López Obrador ha transitado de la República rencorosa a la República amorosa. Del puño alzado a la mano extendida. Del “Mesías tropical” al moderado presidencial. Así intentó reinventarse, posicionarse, venderse, ya no como el provocador que iba a incendiar la pradera sino como el político que aseguraba apagarla. Por eso anunció que buscaría la revisión de la reforma educativa, mas no su derogación. Por eso llegó a darle un espaldarazo a Enrique Peña Nieto, pues quería ocupar su puesto. Al abrir las puertas a miembros de partidos como el PRI, el PAN y el PRD, demostró que el purismo ha sido reemplazado por el pragmatismo. El predicador ha cedido el paso al conciliador. El líder social busca convertirse en político profesional. Quien fuera visto en 2006 como un peligro para México trata de erigirse en el único que puede salvarlo, apaciguarlo, reconciliarlo. Ayudado por Enrique Peña Nieto y la corrupción que no quiso combatir. Ayudado por quienes odian al priismo, desconfían del calderonismo y parecen estar dispuestos a darle una oportunidad al lopezobradorismo.
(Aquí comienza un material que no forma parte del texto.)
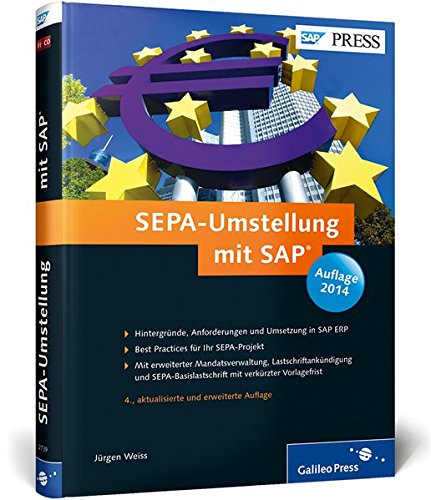 SEPA-Umstellung mit SAP (SAP PRESS)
¿Qué podría descarrilarlo? Sus propios errores, su propensión histórica a la radicalización cuando se siente atacado, su descuido de los ciudadanos moderados, su desprecio por “los pequeño-burgueses”, su capacidad para ignorar el comportamiento corrupto de miembros de su propio equipo, su sentido de infalibilidad.
Este adelanto se publicó el 10 de junio de 2018 en la edición 2171 de la revista Proceso.